Bryce Dallas Howard provides the honeyed voice for the heroine, Bella, a stray who lives happily with some dogs and cats under an abandoned property until animal services snags about half (including her mom). She soon gets adopted by a kind college-aged kid across the street, Lucas (Jonah Hauer-King), who works at the VA and lives with his mom, a war vet who has depression, played by Ashley Judd.

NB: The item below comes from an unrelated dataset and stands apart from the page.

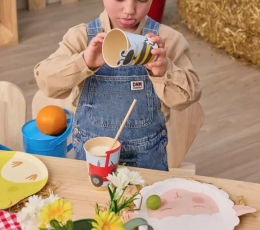 Topsid kaunistustega „Taluloomad“ (6 tk/270 ml) 3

Bella is a very cute pup who grows into a very cute dog with limited grammar and comprehension skills that never quite evolve past that of a 4-year-old (i.e. “I’m ready to do ’go home!‴). She also happens to be enemy No. 1 of the city of Denver after she falls on the wrong side of a ban on breeds designated as pit bulls, and impounds them on sight.
“I know, it’s stupid,” explains an employee at the animal shelter admirably succinctly. Another character, Olivia, played by Alexandra Shipp of “Love, Simon” describes it as, “basically racism.” This movie really has it in for Denver’s Ordinance Sec. 8-55.
Once the authorities get word of Bella, and impound her once, her cozy existence with Lucas and his mom comes to an end and she goes to live, for a time, with some relatives of Olivia’s who live in New Mexico. But the dutiful and deeply nostalgic Bella decides to take things into her own hands and find her way back to Denver and Lucas.
Directed by Charles Martin Smith, of such animal adventures as “Dolphin Tale” and “Air Bud,” ″A Dog’s Way Home” is actually surprisingly intense. Bella goes dumpster-diving one day with a pack of mangy dogs she comes across, she witnesses poachers killing a cougar, befriends a CGI baby cougar, steals food from quite a few people and establishments, survives an avalanche, a freeway and even lives alongside a homeless man for a while. She is laser-focused on getting back to Lucas, however, and even the good situations she comes across (like living in the very stylish and expensive home of a couple who take her in) aren’t enough.
Although it might be a stretch to categorize this as a movie, “A Dog’s Way Home” is harmless enough and a nice little adventure that’s fit for the whole family. But you might want to have the tissues ready.
“A Dog’s Way Home,” a Columbia Pictures release, is rated PG by the Motion Picture Association of America for “thematic elements, some peril and language.” Running time: 96 minutes. Two and a half stars out of four.
MPAA Definition of PG: Parental guidance suggested. Some material may not be suitable for children.